El principal factor que favorece los reducidos precios del alcohol en España es la peculiar fiscalidad de estos productos. Por algo somos el país europeo con la presión fiscal más relajada sobre las bebidas alcohólicas. Y seguimos en ello. De los 28 países que constituyen actualmente la Unión Europea, entre 2008 y 2017 solo en España y en Alemania disminuyeron los ingresos procedentes de los impuestos especiales a las bebidas alcohólicas. Y, como era de esperar, en nuestro país el descenso fue más acusado. Para mayor claridad, podemos compararnos con un país con similar comportamiento y costumbres en esto del alcohol, como es Francia. En los últimos diez años, el consumo de alcohol en ambos países se ha mantenido prácticamente estable y, sin embargo, la recaudación ha sido bastante dispar: en Francia, se incrementó en un 31%; en España, disminuyó en un 8%. La explicación, obviamente, reside en unos impuestos algo más elevados entre los franceses. Nosotros, por el contrario, seguimos sin mover ficha.

Para que el consumo problemático de alcohol disminuya, la OMS aconseja incrementar en un 50% los impuestos especiales sobre el alcohol. Por tanto, nada que ver con el insignificante 5% que aprobó Cristóbal Montoro en 2016. Por cierto, excluyendo nuevamente a la cerveza y al vino que, como tal vez desconozcan, sigue sin tributar por este concepto.
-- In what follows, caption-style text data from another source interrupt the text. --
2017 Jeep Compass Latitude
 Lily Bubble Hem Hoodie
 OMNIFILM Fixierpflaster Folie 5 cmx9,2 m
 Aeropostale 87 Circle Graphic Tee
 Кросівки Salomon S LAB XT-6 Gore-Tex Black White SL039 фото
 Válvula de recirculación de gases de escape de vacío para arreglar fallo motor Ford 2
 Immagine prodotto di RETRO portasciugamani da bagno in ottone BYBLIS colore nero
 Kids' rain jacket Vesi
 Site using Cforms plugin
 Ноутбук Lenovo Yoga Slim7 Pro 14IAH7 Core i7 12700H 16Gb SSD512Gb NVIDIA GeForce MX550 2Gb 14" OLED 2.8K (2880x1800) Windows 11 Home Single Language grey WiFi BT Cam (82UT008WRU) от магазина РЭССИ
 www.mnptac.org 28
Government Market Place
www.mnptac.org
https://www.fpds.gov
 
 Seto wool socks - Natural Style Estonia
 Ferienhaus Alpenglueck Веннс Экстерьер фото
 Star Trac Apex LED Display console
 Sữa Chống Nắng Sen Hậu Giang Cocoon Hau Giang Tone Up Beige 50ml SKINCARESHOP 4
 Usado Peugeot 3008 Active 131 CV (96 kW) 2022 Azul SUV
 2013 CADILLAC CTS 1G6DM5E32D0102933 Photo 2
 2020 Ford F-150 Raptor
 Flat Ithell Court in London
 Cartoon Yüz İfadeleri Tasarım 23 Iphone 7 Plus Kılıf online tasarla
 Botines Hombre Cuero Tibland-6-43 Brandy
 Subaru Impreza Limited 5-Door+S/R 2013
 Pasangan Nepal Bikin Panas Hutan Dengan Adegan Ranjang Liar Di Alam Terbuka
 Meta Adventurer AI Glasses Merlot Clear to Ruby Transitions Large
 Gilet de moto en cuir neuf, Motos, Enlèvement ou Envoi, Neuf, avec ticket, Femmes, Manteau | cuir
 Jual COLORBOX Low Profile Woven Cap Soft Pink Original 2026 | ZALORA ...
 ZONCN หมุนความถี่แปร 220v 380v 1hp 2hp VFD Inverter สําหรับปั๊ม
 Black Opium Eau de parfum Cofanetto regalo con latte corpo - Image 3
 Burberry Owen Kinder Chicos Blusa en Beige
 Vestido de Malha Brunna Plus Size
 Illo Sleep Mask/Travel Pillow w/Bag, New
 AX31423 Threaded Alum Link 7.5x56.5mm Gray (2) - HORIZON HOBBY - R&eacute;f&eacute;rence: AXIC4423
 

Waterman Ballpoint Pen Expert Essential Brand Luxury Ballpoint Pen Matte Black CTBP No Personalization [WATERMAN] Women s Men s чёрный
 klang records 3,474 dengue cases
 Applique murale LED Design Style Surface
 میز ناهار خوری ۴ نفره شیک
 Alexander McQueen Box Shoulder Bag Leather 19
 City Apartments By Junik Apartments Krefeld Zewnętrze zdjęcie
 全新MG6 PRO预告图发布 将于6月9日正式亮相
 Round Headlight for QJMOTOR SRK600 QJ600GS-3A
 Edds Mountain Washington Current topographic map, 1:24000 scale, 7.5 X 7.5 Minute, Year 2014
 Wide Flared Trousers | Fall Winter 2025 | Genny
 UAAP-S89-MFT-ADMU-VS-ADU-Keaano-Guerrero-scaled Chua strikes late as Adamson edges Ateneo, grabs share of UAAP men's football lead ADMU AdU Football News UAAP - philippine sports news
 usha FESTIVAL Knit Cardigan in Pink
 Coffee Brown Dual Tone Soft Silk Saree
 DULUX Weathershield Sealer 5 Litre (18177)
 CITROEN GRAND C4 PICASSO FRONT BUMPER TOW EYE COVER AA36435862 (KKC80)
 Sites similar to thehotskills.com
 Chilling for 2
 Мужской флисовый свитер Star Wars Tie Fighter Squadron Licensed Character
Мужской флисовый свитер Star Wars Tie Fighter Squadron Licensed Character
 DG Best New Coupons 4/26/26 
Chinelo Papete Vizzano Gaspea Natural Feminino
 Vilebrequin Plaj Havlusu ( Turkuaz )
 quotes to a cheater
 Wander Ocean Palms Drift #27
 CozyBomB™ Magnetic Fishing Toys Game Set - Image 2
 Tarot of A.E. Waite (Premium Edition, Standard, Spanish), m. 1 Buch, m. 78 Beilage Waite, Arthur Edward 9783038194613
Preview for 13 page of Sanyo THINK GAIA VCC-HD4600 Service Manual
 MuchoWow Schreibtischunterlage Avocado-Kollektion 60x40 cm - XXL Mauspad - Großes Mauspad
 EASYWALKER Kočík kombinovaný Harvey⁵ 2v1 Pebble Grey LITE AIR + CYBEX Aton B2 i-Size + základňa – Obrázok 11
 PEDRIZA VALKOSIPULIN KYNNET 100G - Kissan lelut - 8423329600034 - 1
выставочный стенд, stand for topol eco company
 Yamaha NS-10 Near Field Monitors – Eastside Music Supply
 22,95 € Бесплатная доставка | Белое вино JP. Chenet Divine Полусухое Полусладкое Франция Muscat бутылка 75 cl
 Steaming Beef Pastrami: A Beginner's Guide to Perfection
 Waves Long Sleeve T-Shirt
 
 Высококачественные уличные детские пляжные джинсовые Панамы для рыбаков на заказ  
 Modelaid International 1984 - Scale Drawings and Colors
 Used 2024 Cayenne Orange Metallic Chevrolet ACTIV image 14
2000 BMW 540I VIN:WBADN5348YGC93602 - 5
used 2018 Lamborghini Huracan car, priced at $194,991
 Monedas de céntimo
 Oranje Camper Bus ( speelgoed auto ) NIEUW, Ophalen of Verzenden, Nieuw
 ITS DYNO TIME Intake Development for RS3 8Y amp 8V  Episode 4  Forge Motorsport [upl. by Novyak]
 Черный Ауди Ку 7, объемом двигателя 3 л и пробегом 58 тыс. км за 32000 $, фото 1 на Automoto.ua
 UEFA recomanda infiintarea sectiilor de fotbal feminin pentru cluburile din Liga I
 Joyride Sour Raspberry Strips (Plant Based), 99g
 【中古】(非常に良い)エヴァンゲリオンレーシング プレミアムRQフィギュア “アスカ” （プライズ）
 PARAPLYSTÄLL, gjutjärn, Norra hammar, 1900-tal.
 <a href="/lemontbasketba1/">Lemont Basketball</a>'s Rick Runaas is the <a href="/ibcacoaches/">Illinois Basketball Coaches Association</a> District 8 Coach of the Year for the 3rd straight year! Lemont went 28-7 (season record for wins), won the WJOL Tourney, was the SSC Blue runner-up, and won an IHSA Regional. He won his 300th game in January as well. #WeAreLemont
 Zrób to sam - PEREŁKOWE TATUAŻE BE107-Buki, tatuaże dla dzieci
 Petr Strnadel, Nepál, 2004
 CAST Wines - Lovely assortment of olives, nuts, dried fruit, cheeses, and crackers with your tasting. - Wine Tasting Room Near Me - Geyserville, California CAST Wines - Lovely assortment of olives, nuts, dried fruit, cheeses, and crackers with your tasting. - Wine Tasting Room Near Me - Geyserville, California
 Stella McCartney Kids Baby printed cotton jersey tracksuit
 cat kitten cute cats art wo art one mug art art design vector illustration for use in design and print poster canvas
A la actual ministra de Hacienda, María Jesús Montero, se le presenta una excelente oportunidad de hacer caja con un doble beneficio añadido: moderar el habitual castigo que soportan las clases medias ante cada reforma tributaria y, por supuesto, mejorar la salud de los españoles.

Más allá de los Pirineos hay ejemplos que conviene traer a la memoria. Aunque con mayor simbolismo que beneficio económico, en Francia se decidió abandonar la exención fiscal que la UE permite para el vino. Resistencias las hubo, por supuesto, pero consiguieron el objetivo. En Escocia fueron más allá y, desde el año pasado, todos los tipos de bebidas alcohólicas tributan según su graduación. La medida perjudica notablemente a su producto más emblemático, pero la presión de los fabricantes de whisky no ha conseguido que el gobierno escocés diera su brazo a torcer. Como la Corte Europea ha reconocido, la gravedad del problema exigía soluciones de esta magnitud.

Cuestión de decidir qué intereses se priorizan: los económicos o, por el contrario, los sociales y de salud pública. Porque de eso se trata.